Per altro va osservato che anche in campo sanitario sussistono non poche discrasie e incertezze. In particolare, la pediatria è considerata la scienza medica che si occupa dell'essere umano dalla nascita a dodici anni. In tale età, infatti, secondo le norme del SSN, può discrezionalmente essere abbandonato il medico di base pediatra optando per il medico generico. Allo stesso tempo, le stesse norme sanitarie obbligano a tale passaggio al compimento di quattordici anni. Sotto altro profilo, nelle convenzioni internazionali l'età dei sedici anni è spesso presa a termine per alcune definizioni giuridiche (come ad esempio quella di "bambino soldato"). In sostanza, non vi è unicità nell'uso dei termini.
Nel parere interlocutorio n. 2044 del 9 agosto 2018 la Sezione aveva osservato che, sulla base dei documenti trasmessi in allegato allo schema di decreto, si poteva ricavare solo indirettamente che la nozione di «bambini oncologici» utile ai fini del decreto andava identificata con i "bambini ricompresi nella fascia di età 0-14 anni" (cui si faceva riferimento in un passaggio della nota a firma del Ministro mirante all'esenzione dall'analisi d'impatto della regolazione), ed aveva pertanto raccomandato di precisare questa nozione nella disposizione normativa, tenendo debitamente conto di ogni indice normativo utile, sia di diritto interno, sia di diritto internazionale (con riferimento, evidentemente, alle varie convenzioni internazionali sulla protezione del fanciullo), rivestendo tale nozione un ruolo essenziale per la corretta perimetrazione della platea dei soggetti associativi legittimati a richiedere il contributo. Ma la Sezione non aveva in quella sede espresso alcuna contrarietà o assenso all'idea che la definizione potesse essere effettivamente quella che delimita entro i 14 anni di età il confine della nozione di "bambino" utile ai fini dell'applicazione del decreto; la Sezione si era limitata a chiedere di esplicitare nella norma tale nozione e di motivare, ove possibile, i criteri in base ai quali la scelta era stata effettuata (anche, si può qui aggiungere, avendo riguardo ai protocolli terapeutici della medicina, che tratta per l'appunto i "bambini oncologici"). Suscita dunque perplessità la scelta dell'amministrazione - che non trova motivazione negli atti - di dilatare la nozione di bambino oncologico fino a ricomprendevi anche i diciottenni. Tale osservazione, deve precisarsi, non è comunque ostativa alla conferma, da parte dell'amministrazione, di una siffatta scelta e non pregiudica, dunque, l'ulteriore corso del provvedimento in esame, nei limiti che si esporranno tra breve.

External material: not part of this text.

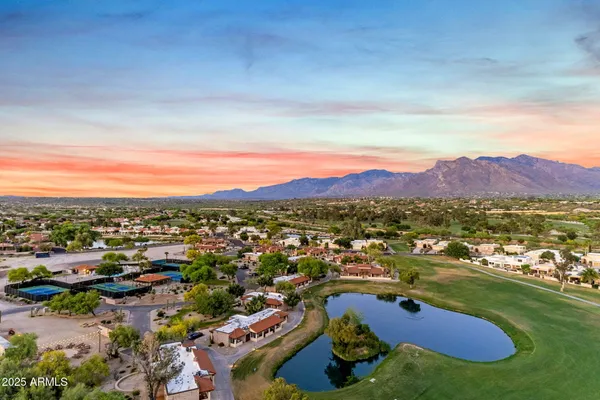 $1,295,000 | 8450 North Nob Hill Drive, Tucson, AZ 85742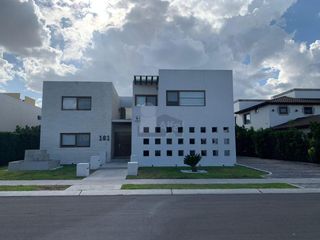 Casa en Venta en El Campanario, Querétaro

Quindi, pur prendendo atto della non univocità dei limiti di età che scandiscono nell'uso terapeutico i termini prima infanzia, seconda infanzia, fanciullezza, preadolescenza, adolescenza, (tutti termini a vario titolo utilizzati nelle scienze mediche e psicologiche) si deve al contempo osservare che il Legislatore non ha utilizzato alcuna di dette dizioni, preferendo riferirsi ai "bambini" quasi evocando un linguaggio familiare più che giuridico o scientifico.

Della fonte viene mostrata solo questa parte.